Tattoos, Earrings, and Kilts, Oh My!
That does not mean, however, that in our respective cultures we may not find it wise to adhere to certain dress codes and patterns of clothing. That is surely a good idea. I'm not advocating some sort of total freedom where we wear whatever we want to. Rather, I am suggesting that the best principle we can come up with is that of cultural adaptation: we generally (an important qualifier) clothe ourselves according to the customs of our culture. So in America, that means we men don't wear dresses. We wear pants. In Scotland, however, we might well wear a kilt on certain days. Neither code of dress is right. Neither code of dress is wrong. Both are culturally determined. It is wise to wear each country's code in said country, and it is wise not to wear one country's code in the other. Cultural adaptation.
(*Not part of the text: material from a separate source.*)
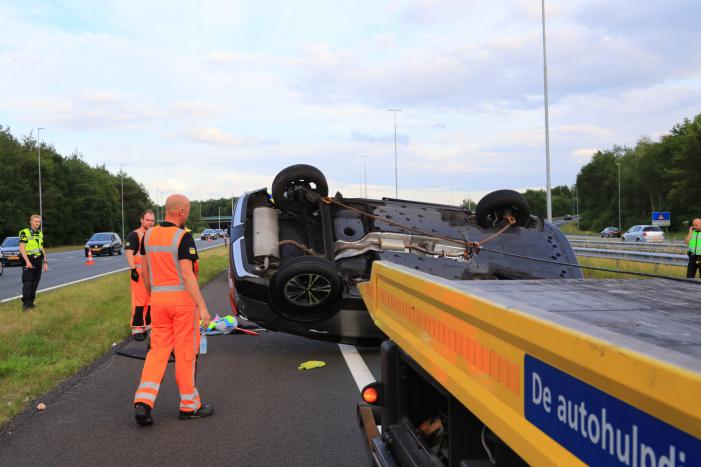 Auto op de kop na aanrijding op snelweg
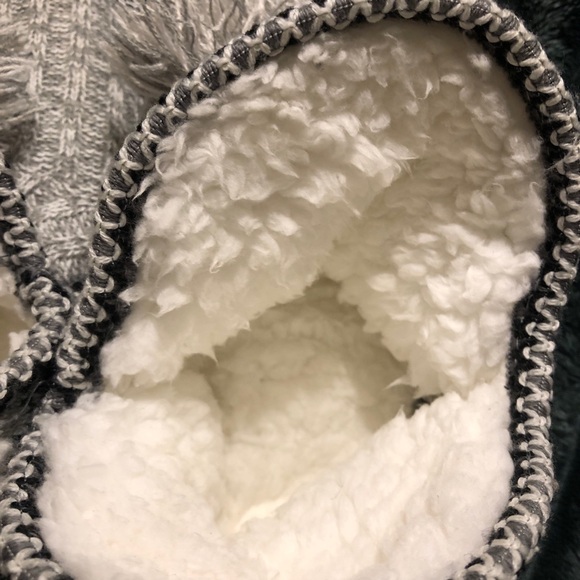 House slippers. Beautiful Aztec black and gray print.  Excellent condition - Picture 6 of 9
With the above argument, I think it's pretty clear that there is no monolithic ideal of dress. Far be it from me to go to Scotland and tell the hardy men there, many of whom could crush me with a glance, that they are "feminized." And far be it from them to tell me that I'm feminized because I wear pants. And far be it from me to tell an Indian that his manner of dress, with what looks alot like a dress to me, is wrong. I have no--utterly no--biblical basis by which to make that statement. There is freedom in dress, then. There is not one certain style of dress that is most masculine. We learn from our cultures what the norms are, and we adapt ourselves to those norms, though we are also free to freelance a bit. Do you want to shave your head? Fine. Do you want to pierce your ear? Fine. Do you want to wear baggy pants? Fine. There is plenty of room here. Too often in the Christian life and community, we busy ourselves with legislating gray areas and constructing advice that hits as hard as law. Far better for us to emphasize conformity where it is actually required and to allow diversity where it is possible. We then preserve both unity and diversity. That's a pretty good way to go about things, I think. I mean, it works pretty well for the Trinity.